Nick's favorite restaurant in the area is SEA which serves affordable and delicious Thai food and delicious cocktails in a trendy atmosphere. SEA is open seven days a week for lunch and dinner at 835 Washington St.

How to get there: subway A or C to 14th St.
3. South Street Seaport

South Street Seaport is comprised of historic buildings and a pavilion shopping mall located at Pier 17 on the East River in Lower Manhattan. Cobblestone streets, gas lamps, sailing ships and a museum make the South Street Seaport one of the most memorable experiences in New York City. Pier 17 at The Seaport is open for business; many others shops still remain closed in the aftermath of Superstorm Sandy. 

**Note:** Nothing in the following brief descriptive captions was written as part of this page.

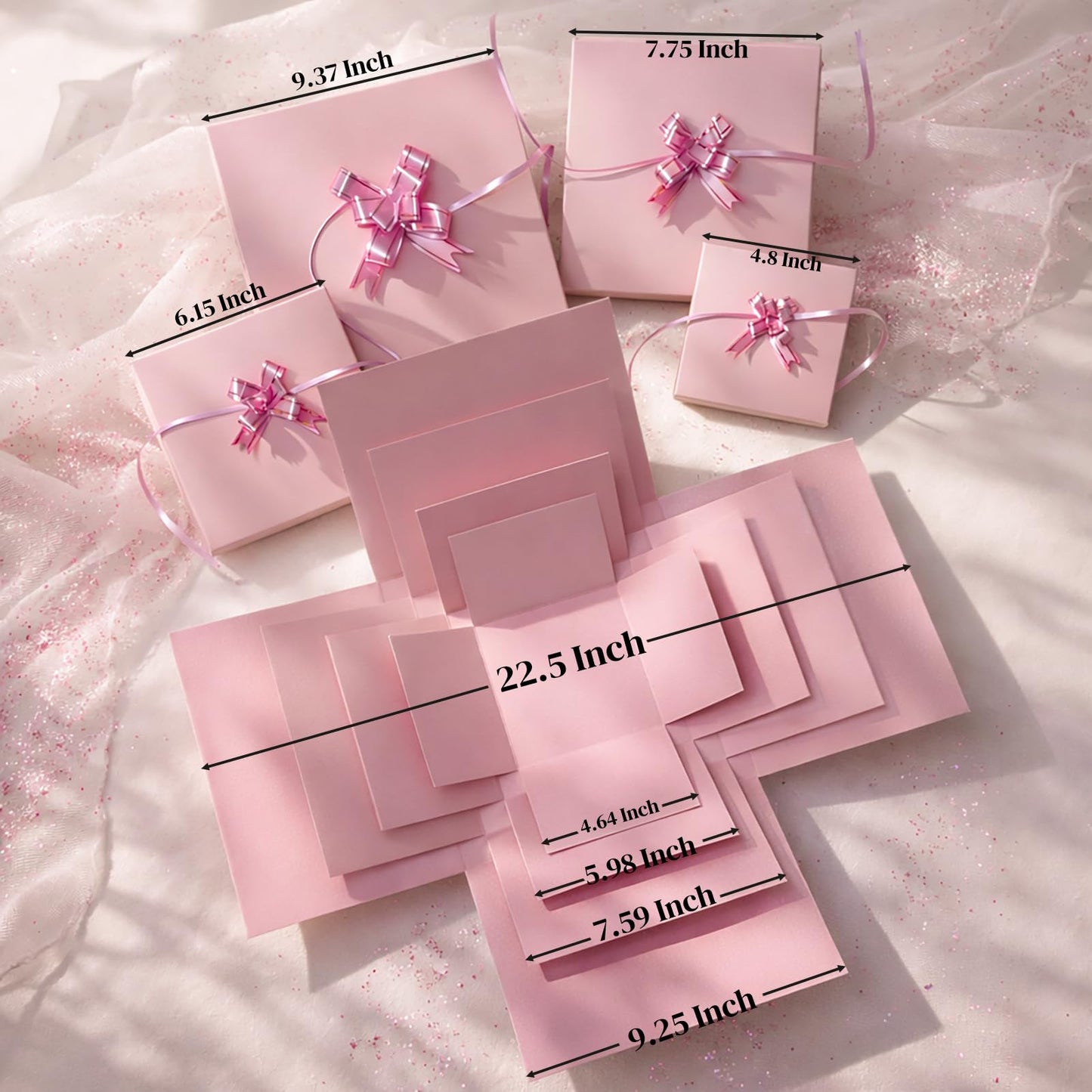 4-Layer Explosion Gift Box, 10''x10''x7'' Pink Creative Gift Boxes for Presents, DIY Surprise Gift Box Explosion for Birthday Birthday Easter Mother's Day and Father's Day Anniversaries (Pink)
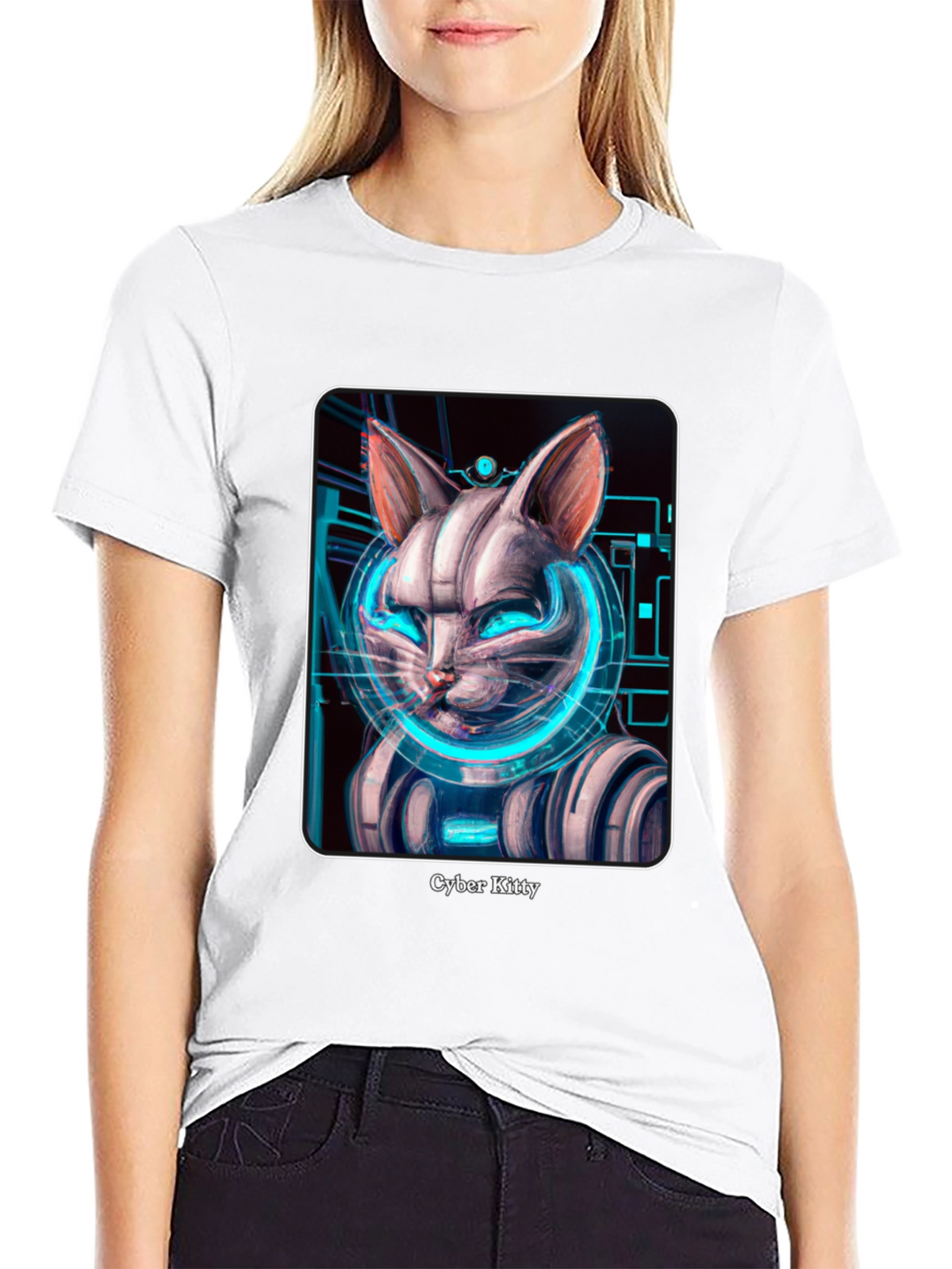 Cyber Kitty T-Shirt - Futuristic Cat Design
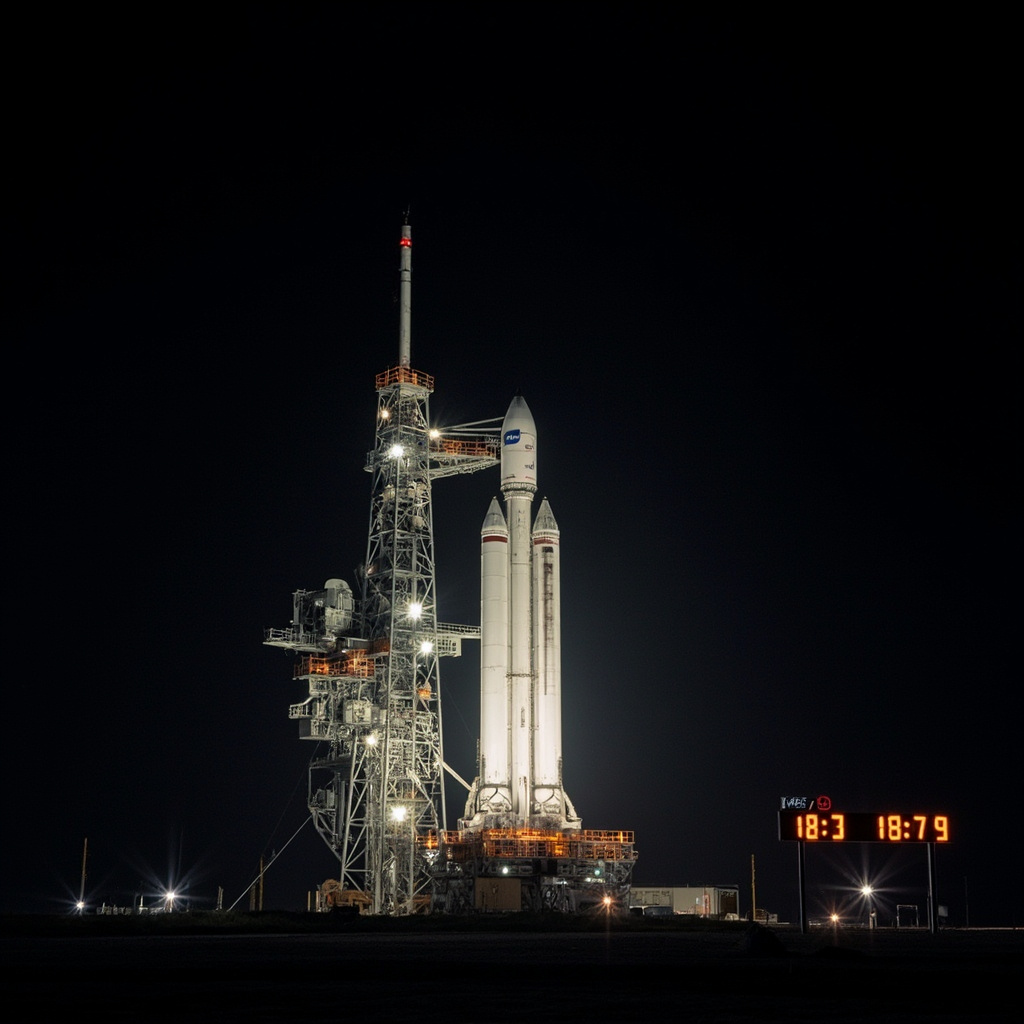 NASA's Space Launch System rocket illuminated by xenon lights on Launch Pad 39B at Kennedy Space Center, countdown clock visible in the foreground showing T-minus hours
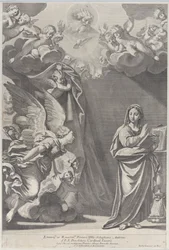 Bebådelsen, med Gabriel och andra änglar till vänster och Gud Fadern ovan, 168..., 1687-1717.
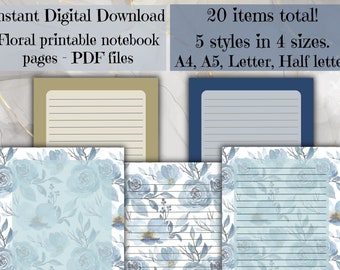 May include: A digital download of 20 printable notebook pages featuring a blue floral design. The pages are available in 5 styles and 4 sizes: A4, A5, Letter, and Half Letter.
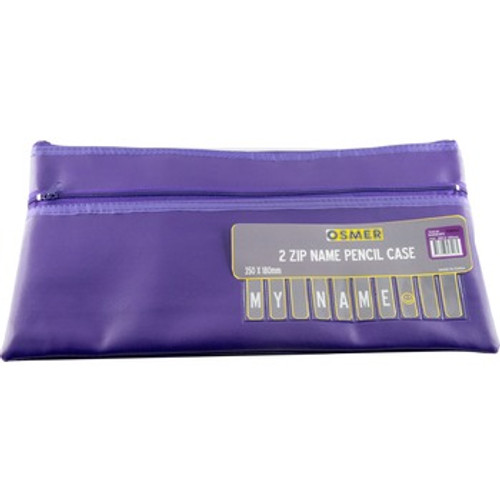 PENCIL CASE PVC CLOTH BACKED WITH ALPHABET NAME INSERT - 35 X 18CM - 2 ZIP - PURPLE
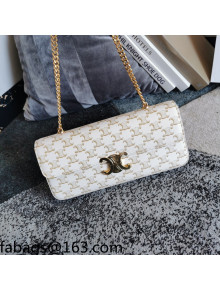 Celine Chain Shoulder Bag in Triomphe Canvas 197413 White 2021 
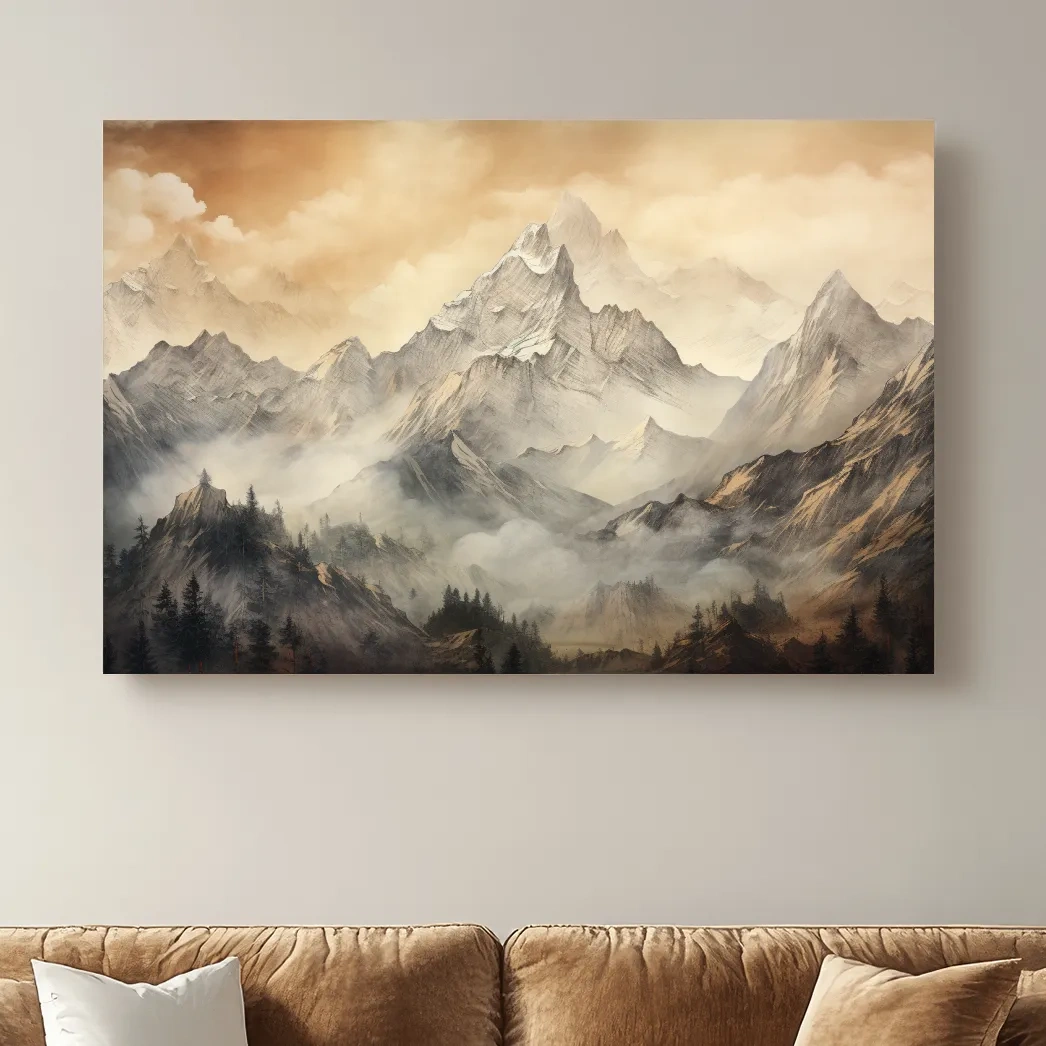 Alpine glacier scene at sunset, sketch style drawing artwork, high alpine landscape wall art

But not to worry, To make up for that, Fulton street now hosts summer series that include pop-up retail containers that houses up-and coming retailers, a smorgasbar that showcases a rotating collection of a dozen local food and beverage purveyors, a front row cinema, a weekly outdoor film series int he evenings, dozens of new, seasonal retailers with their mix of artisanal fare along with businesses displaced by Hurricane Sandy will be showcased inside Pier 17 and and at kiosks along the cobblestoned streets. 

For a nice beer and a burger with beautiful views of Brooklyn-, Manhattan-, and Williamsburg bridges Nick would recommend the Watermark Bar and Lounge at Pier 15.

How to get there: subway A or C to Fulton St.-Broadway Nassau
4. Brookfield Place in Battery Park

Brookfield Place, located in lower Manhattan's Battery Park City, offers year-round cultural showcases featuring both emerging and well-known artists, as well as a great variety of shopping and dining. The Winter Garden at Brookfield Place remains one of the City’s best-kept secrets. The spectacular glass atrium with tall palm trees overlooking the Hudson River makes a picture-perfect venue to have a break and enjoy a delicious meal bought from the food truck court (see food truck schedule by clicking here) or from one of Nick's favorites, Shake Shack which is located within a short walk in Battery Park (215 Murray Street). As a new addition to Brookfield Place is their upscale food court "Hudson Eats" as well as French alternative to Mario Batali's Eataly called "Le District", an authentic French shopping district.

 While here visit the North Cove Marina that has great views of Jersey City across the river. 

How to get there: subway N or R to Cortlandt St.